BUDAPEST, Hungary — Union leaders in Hungary called on Saturday for a national strike and protests on Jan. 19 to oppose labor code changes they see as a “slave law” harmful to workers.
A crowd of at least 10,000 people gathered outside the Hungarian parliament building to protest a law approved in December that allows employers to request up to 400 hours of overtime a year from employees.
Hungarian Trade Union Federation President Laszlo Kordas said the unions are demanding the repeal of the “slave law,” higher wages, increased workers’ rights and a more flexible retirement system.

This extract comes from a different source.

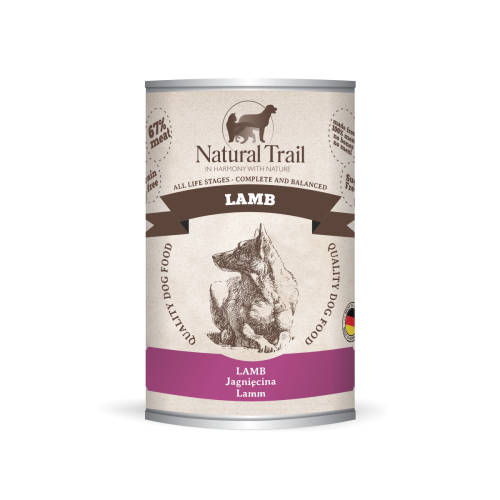 NATURAL TRAIL Mono Lamb Puszka 400g Jagnięcina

They plan to present them to Prime Minister Viktor Orban and if the government refuses to negotiate, the unions will hold the strike, he said.

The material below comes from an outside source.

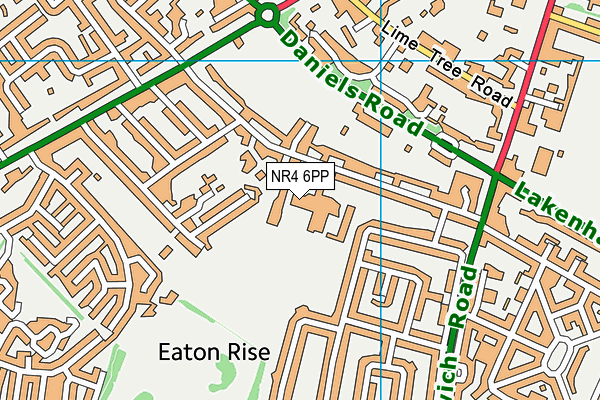 City of Norwich School, An Ormiston Academy map (NR4 6PP) - OS VectorMap District (Ordnance Survey)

“The government has abandoned us,” Kordas said. “The country must come to a halt at the same time on the same day.”
Government spokesman Istvan Hollik repeated the claim that Hungarian-American billionaire George Soros is funding protests of the labor law, but did not address the protesters’ specific grievances.
“Hungary is under attack because it stands in the way of the whole pro-immigration politics and, additionally, it has more and more allies in this issue,” Hollik said in a video posted on the government website.
Orban won a third consecutive four-year term in April with a campaign based almost exclusively on his fervent anti-immigration stance.
Politicians from all the major opposition parties, as well as civic groups and students, took part in the rally, which began with a march from Heroes Square to the neo-Gothic parliament. Earlier protests were held in the last two weeks of 2018.
“The world cannot belong to the populists, Hungary cannot belong to Viktor Orban,” independent lawmaker Bernadett Szel said.
Csaba Molnar, of the opposition Democratic Coalition, said that while the protest focused on the labor code revisions, it reflected widespread dissatisfaction with many government policies.
“We are not rising up against one Orban law or another, but against the many, many laws of the repressive regime,” Molnar said. “We will continue to rise up until we topple Orban’s rotten-to-the-core regime.”
Opposition parties are gathering signatures to pressure Orban to make Hungary part of a new European Union prosecution office targeting corruption. Hungary is among the handful of EU countries that has opted out of the anti-corruption initiative.
Some Hungarians disapprove of Orban’s campaign against a Budapest university founded by Soros, the creation of a new court system under direct government control and the state media’s transformation into a tool for government propaganda.